Before lending her signature vocals to Maverick City Music’s No. 1 singles “Jireh” and “Promises,” as a young girl she'd sit in her closet “praying in the Spirit, listening to music and singing to God.”
"I spent probably four or five years doing that. As I got older, I then got interested in boys and got a little distracted,” Raine revealed.
She ended up meeting the man who is now her husband and became “pregnant out of wedlock.”
“At that point, I was leading worship and got sat down,” she explained. “The Lord used that time to really deal with me and actually teach me not just about His presence, but about who He is.”
"I was a church girl and so I knew all the right things to do," she added. "I wasn't always doing them of course, but I just thought if I was good then God will be good with me. Well, that's not the case, as we all know, that's not the grace and the Gospel of Jesus Christ. But the Lord really taught me about grace. And He taught me about how He makes all things new and makes it beautiful, that my righteousness is as filthy rags.”

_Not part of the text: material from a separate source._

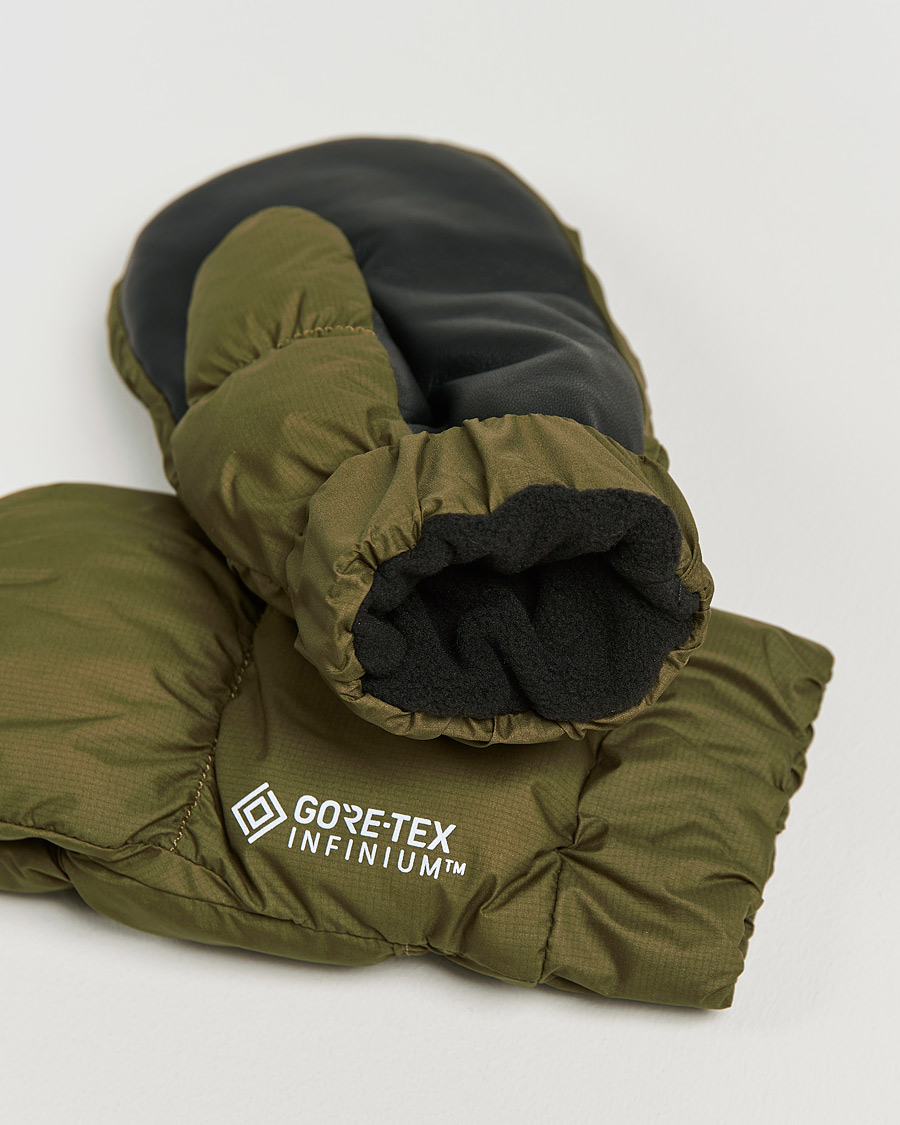 Homme | Samsøe & Samsøe Charly GORE-TEX Mitten Dark Olive | Samsøe Samsøe | Samsøe & Samsøe Charly GORE-TEX Mitten Dark Olive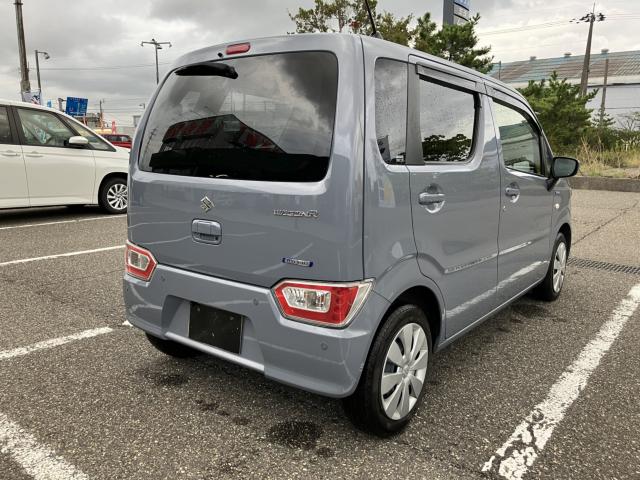 ワゴンＲ（新潟県新潟市西蒲区）画像6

It was in that season that Raine discovered God’s grace and His true Gospel which is what solidified the call on her life.
"'I want you to tell everybody about my goodness, and my grace, and this Gospel that's bigger than you and it's bigger than our works and what we try to do. Tell people that I came to save them,'" she recalled God saying to her.
Her revelations of who God is are what she shares with the world today in song. Maverick City Music has been widely received by both Christian contemporary and gospel music as well as some in the secular music industry.
"I have never experienced anything like this in my life,” Raine said of all their success. “We all have personal stuff that we go through mentally and some of the lies that the enemy told me is that 'Nobody cares about what you have to say. Nobody cares about your voice. Just be quiet; just sit in the back.' And so a lot of my devotion and worship to Jesus was super personal and private, and I was good there. Then I realized the Lord wanted me to come out.
"When I'm out there worshiping, I'm not worshiping y'all. Like I'm not worshiping for y'all and to y'all, I'm worshiping God, and hopefully, somebody decides to worship Him too. It's really about Him. So just to see that people are actually responding to that, and they want it, and they're going deeper in their relationship with the Lord, people are getting saved, people are getting healed. Getting delivered like that is just mind-blowing because He said He would do it, but it's amazing. It's like the miracle of childbirth. We know it happens every single day but it doesn't cease to be amazing.”
Raines' new album Journey isn't considered worship music that will be sung by congregations on Sunday mornings. However, the message is from a Christian woman and her relationship with Jesus. In the songs, she touches on mental illness but says the album is not solely about that.
“Journey is not just about mental illness, it's about facing the truth. It's about facing yourself,” she told CP.
“What I realized is that when you face the truth, and when you tell the truth, tell yourself the truth, and tell others the truth: you are going to go through difficulty. And if you can't handle that you can slip into depression, you can slip into some of these places because it's difficult to tell the truth and change your life,” she maintained.
Raine stressed that just because she sings confidently about God and who she is in God, that doesn't mean she hasn't had her own battles.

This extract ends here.